Gaël Baron : Il y a des situations de transmission claires, parce que nommées, mais celles dont tu parles procèdent d’autre chose, et ne sont pas nommées comme telles. C’est une zone délicate, puisque on y est travaillé par quelque chose qui est à l’œuvre mais dont on ne se rend pas complètement compte. Dans ces situations-là, il n’y a pas d’un côté celui qui transmet et de l’autre ceux qui reçoivent, mais une transmission mutuelle, un échange qui met en jeu chacun au même titre. Quand on commence à travailler sur un spectacle, le plaisir de la rencontre avec des partenaires nouveaux se double parfois du plaisir à travailler avec des gens qu’on a vu jouer, qu’on aime, dont on aime l’« apparition » ; des gens à qui on a envie de « se frotter » — j’emploie exprès ce terme physique. Ce plaisir-là me semble important dans cette drôle d’autre transmission. Dans des traditions de théâtre plus anciennes, dans d’autres cultures, il existe une transmission qui se fait sans paroles, sans questions ni réponses mais par le regard, l’écoute et par l’imitation, en refaisant les gestes faits par quelqu’un d’autre. Dans ces traditions-là, il y a certes un maître. Mais j’ai l’impression que quand on commence un travail, quelque chose de cet ordre se joue dans ce désir de se frotter à des gens nouveaux, qu’il s’agisse de gens avec qui on n’a encore jamais travaillé mais qu’on aime, ou de gens avec qui on a déjà travaillé mais avec qui on sait que la nouvelle aventure sera différente de la précédente. Se joue alors ce que j’appellerais une transmission par contiguïté : une transmission sans paroles, sans démonstration, mais où il y a à inventer un échange de jeu ensemble. Cela met dans une situation de perception aiguë et de curiosité de l’autre, de son corps, de ce qui va surgir de lui : on est ému par l’autre, il apporte quelque chose qu’on ne s’attendait pas à ressentir, on est mis en mouvement par ça — et là on touche quelque chose de la transmission.

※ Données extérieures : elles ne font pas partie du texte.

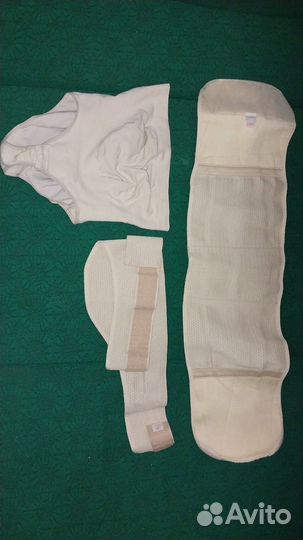 Бандажи для беременных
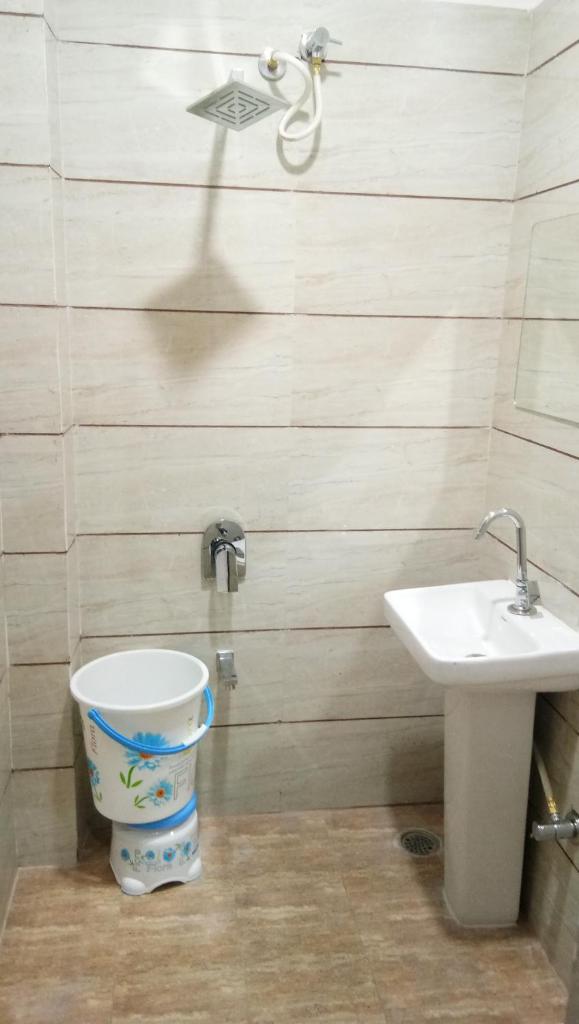 Двухместный (Бюджетный двухместный номер с 1 кроватью), Puri Guest House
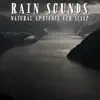 Natural Sound Makers - Rain Sounds Natural Ambience For Sleep - EP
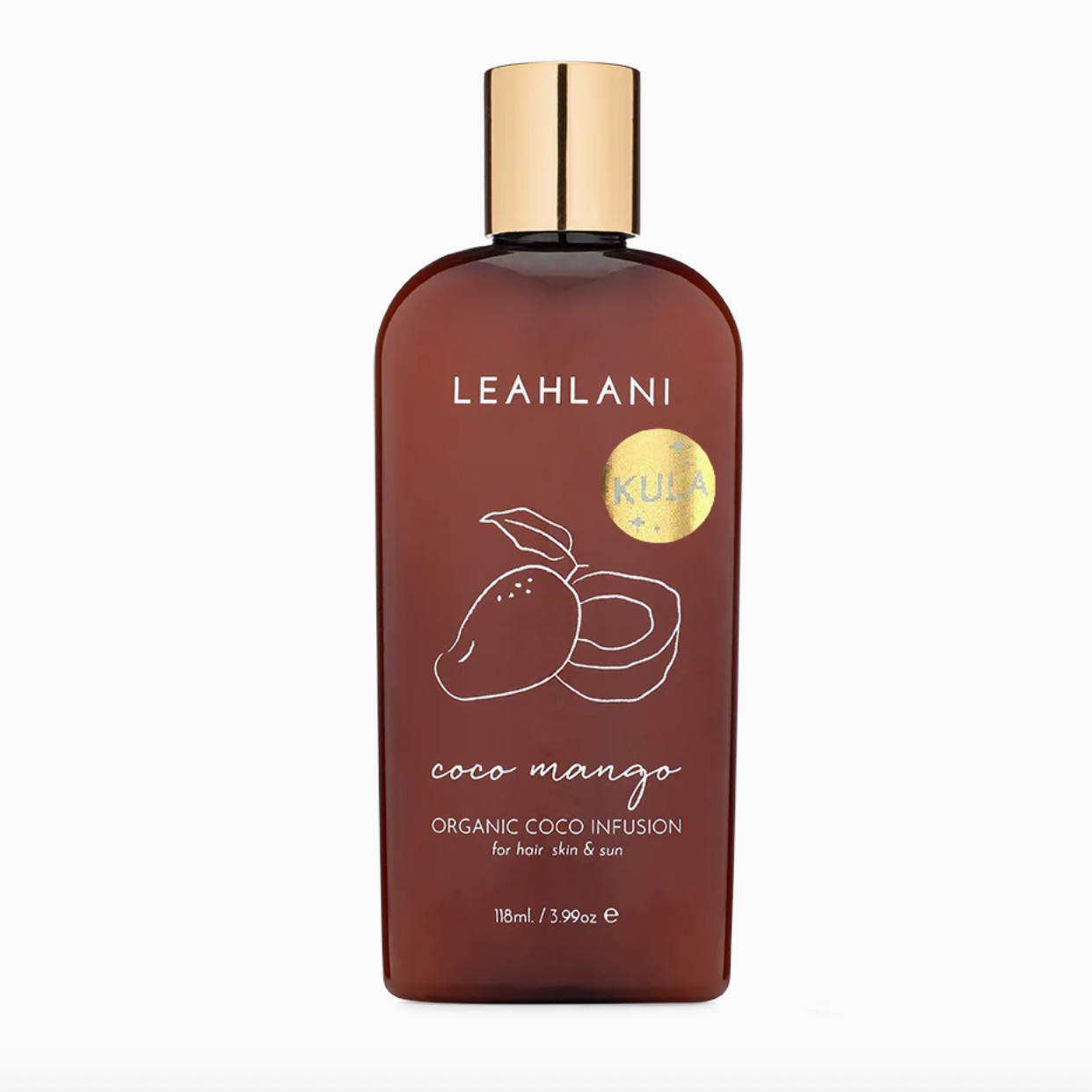 Leahlani Bless Body Balm, 118 ml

Quand je suis sorti du Conservatoire, Nelly Borgeaud (une grande actrice, qui a été très importante pour mon imaginaire de théâtre, pour mon apprentissage, et que j’ai eu la chance de rencontrer, grâce à Christian Rist) m’a dit, en substance (elle m’a comme offert cette phrase) : « maintenant que tu es sorti de l’école, tu vas commencer à apprendre ». Cela m’a complètement libéré d’une sorte d’autosatisfaction, libéré du poids d’avoir atteint un but, et cela a réouvert pour moi un espace. Il y a toujours quelque chose à apprendre dans un spectacle parce qu’il y a toujours un moment dans le début des répétitions où, quels que soient la satisfaction et le sentiment d’accomplissement que l’on a retiré du spectacle précédent, il faut leur dire adieu, un moment où on ne sait plus comment s’y prendre : c’est celui où on comprend à nouveau qu’on n’est pas tout seul à inventer le jeu, le théâtre qu’on va faire, mais que celui-ci va s’inventer dans et par le déplacement produit par l’autre, et que c’est là que va se poursuivre l’apprentissage.
Une telle transmission par contiguïté peut passer par beaucoup de petits détails, par exemple les anecdotes que les acteurs se racontent : des choses du théâtre, qu’on a vécues ou dont on a juste entendu parler. Cela se fait de manière très informelle, mais j’ai l’impression que, parfois, dans ces anecdotes aussi une vraie transmission est à l’œuvre. Elles font rire, peuvent devenir des sortes de légendes dont on ne sait plus si elles sont vraies ou fausses, mais elles rendent vivant notre imaginaire du théâtre, et inscrivent la création en cours dans une histoire infinie — cet imaginaire d’une histoire infinie me semble nécessaire pour avoir de la joie à créer. Après tout, même si ce n’est pas la même chose, dans d’autres traditions de transmission ou d’éveil spirituel, les petites histoires — zen, par exemple — permettent bien de susciter un état d’ouverture et de déplacement. Elles peuvent faire scintiller comme un point d’interrogation de l’existence, un point d’incongruité dont on a besoin comme d’un ferment pour créer.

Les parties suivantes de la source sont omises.